Of the entries below, return exactly those lines that fall between the one containing "310 - An Irish" and the one containing "Adidas Women's FeelBrilliant", the two end lines included.

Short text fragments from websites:
* * * * * * * * *
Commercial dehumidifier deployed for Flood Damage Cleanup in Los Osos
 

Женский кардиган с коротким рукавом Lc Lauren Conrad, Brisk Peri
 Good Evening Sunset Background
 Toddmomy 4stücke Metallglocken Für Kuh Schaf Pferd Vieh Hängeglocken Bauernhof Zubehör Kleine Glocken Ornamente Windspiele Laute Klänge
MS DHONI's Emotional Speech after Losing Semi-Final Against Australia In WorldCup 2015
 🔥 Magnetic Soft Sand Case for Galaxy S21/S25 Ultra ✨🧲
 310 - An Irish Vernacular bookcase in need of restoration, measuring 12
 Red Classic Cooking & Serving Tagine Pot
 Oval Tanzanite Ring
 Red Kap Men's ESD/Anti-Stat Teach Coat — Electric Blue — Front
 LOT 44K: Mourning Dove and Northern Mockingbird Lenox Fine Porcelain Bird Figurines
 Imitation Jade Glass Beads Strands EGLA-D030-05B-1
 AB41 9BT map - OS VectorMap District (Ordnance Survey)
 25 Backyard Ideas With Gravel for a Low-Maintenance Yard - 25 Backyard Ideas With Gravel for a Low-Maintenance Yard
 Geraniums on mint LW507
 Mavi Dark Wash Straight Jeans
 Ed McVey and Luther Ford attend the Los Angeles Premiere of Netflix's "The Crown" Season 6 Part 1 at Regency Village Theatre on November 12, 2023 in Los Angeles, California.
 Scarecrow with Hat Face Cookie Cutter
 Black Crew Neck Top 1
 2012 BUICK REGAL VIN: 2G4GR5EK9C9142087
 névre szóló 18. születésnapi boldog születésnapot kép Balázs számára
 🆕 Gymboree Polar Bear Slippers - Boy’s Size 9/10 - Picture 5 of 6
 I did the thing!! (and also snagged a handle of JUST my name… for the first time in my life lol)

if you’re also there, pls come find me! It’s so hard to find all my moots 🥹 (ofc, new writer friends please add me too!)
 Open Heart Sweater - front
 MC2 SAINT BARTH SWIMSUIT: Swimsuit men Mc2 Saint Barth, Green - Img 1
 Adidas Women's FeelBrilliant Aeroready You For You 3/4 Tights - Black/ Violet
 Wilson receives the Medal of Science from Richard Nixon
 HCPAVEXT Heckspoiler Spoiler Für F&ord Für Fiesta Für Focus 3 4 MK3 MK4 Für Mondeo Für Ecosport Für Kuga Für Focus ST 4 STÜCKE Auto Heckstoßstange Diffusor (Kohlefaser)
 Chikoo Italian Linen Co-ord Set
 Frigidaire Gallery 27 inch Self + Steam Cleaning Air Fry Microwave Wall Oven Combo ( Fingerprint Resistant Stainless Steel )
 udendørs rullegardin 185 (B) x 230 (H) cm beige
* * * * * * * * *
-- SOLUTION --
 310 - An Irish Vernacular bookcase in need of restoration, measuring 12
 Red Classic Cooking & Serving Tagine Pot
 Oval Tanzanite Ring
 Red Kap Men's ESD/Anti-Stat Teach Coat — Electric Blue — Front
 LOT 44K: Mourning Dove and Northern Mockingbird Lenox Fine Porcelain Bird Figurines
 Imitation Jade Glass Beads Strands EGLA-D030-05B-1
 AB41 9BT map - OS VectorMap District (Ordnance Survey)
 25 Backyard Ideas With Gravel for a Low-Maintenance Yard - 25 Backyard Ideas With Gravel for a Low-Maintenance Yard
 Geraniums on mint LW507
 Mavi Dark Wash Straight Jeans
 Ed McVey and Luther Ford attend the Los Angeles Premiere of Netflix's "The Crown" Season 6 Part 1 at Regency Village Theatre on November 12, 2023 in Los Angeles, California.
 Scarecrow with Hat Face Cookie Cutter
 Black Crew Neck Top 1
 2012 BUICK REGAL VIN: 2G4GR5EK9C9142087
 névre szóló 18. születésnapi boldog születésnapot kép Balázs számára
 🆕 Gymboree Polar Bear Slippers - Boy’s Size 9/10 - Picture 5 of 6
 I did the thing!! (and also snagged a handle of JUST my name… for the first time in my life lol)

if you’re also there, pls come find me! It’s so hard to find all my moots 🥹 (ofc, new writer friends please add me too!)
 Open Heart Sweater - front
 MC2 SAINT BARTH SWIMSUIT: Swimsuit men Mc2 Saint Barth, Green - Img 1
 Adidas Women's FeelBrilliant Aeroready You For You 3/4 Tights - Black/ Violet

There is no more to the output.